Catur Agil Pamungkas, Ferina Widyawati Ayu Silvi, dan Syaffira Amalia Risti, dibimbing langsung oleh Muhammad Farid Alwajdi, S.H., M.Kn. selaku dosen Prodi Ilmu Hukum dan Muhammad Saleh, S.H., M.H., berhasil meraih piala Ki Bagus Hadikusumo sekaligus mendapat predikat best speaker. “Pembaruan Hukum yang Berdasarkan Nilai–Nilai Pancasila” menjadi tema menarik yang diangkat panitia.
“Perlombaan debat seperti pada umumnya, hanya saja pelaksanaannya via daring. Sistem perlombaan pun masih sama dengan dua babak yaitu penyisihan dan semi final. Akhirnya, kami bisa lolos menuju final dan dinobatkan sebagai juara umum,” tutur Syafirra saat menjelaskan jalannya proses perlombaan.
Ia menambahkan, mosi perlombaan yang mulanya akan diberitahukan ketika technical meeting mendadak diubah menjadi sepuluh menit sebelum lomba dimulai. Hal ini mengharuskan peserta untuk menguasai semua mosi dan siap untuk mempertandingkan argumentasi. Kendala mosi yang hanya dibahas selama empat hari dengan ketakutan tentang jaringan internet saat proses lomba berlangsung, akhirnya dapat dipecahkan. Dengan keyakinan, kegigihan, kerja sama, dan semangat tim, bisa mengantarkan tim debat UAD sebagai juara.
Lomba debat konstitusi diikuti sebanyak 16 tim yang terdiri atas berbagai PTMA di seluruh Indonesia. Perlombaan yang dilakukan secara daring menjadikan peserta merasa santai dan tidak terlalu grogi. Hanya saja tidak ada toleransi ketika terjadi masalah teknis.
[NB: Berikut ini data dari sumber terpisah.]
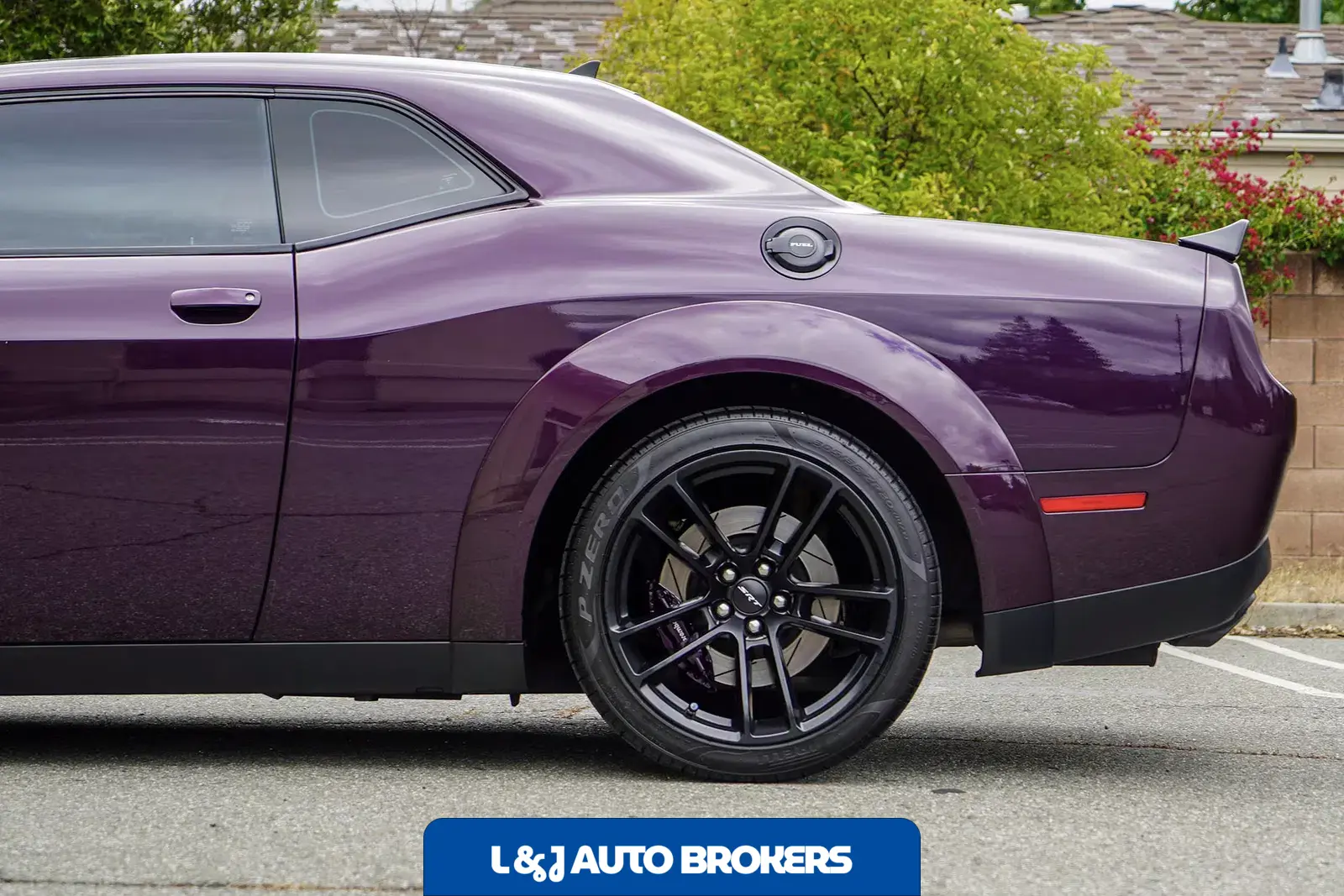 2020 Dodge Challenger SRT Hellcat Widebody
“Mosi pembentukan Undang-undang Haluan Ideologi Pancasila menjadi sangat menantang. Hal ini karena posisi pro yang sangat sulit. Kami harus melawan banyaknya persepsi publik yang cenderung tidak setuju. Pembatasan mosi menjadi langkah efektif dengan mengangkat argumen berdasarkan krisis–krisis dan sulitnya implementasi Pancasila,” ungkap Syaffira. (Chk)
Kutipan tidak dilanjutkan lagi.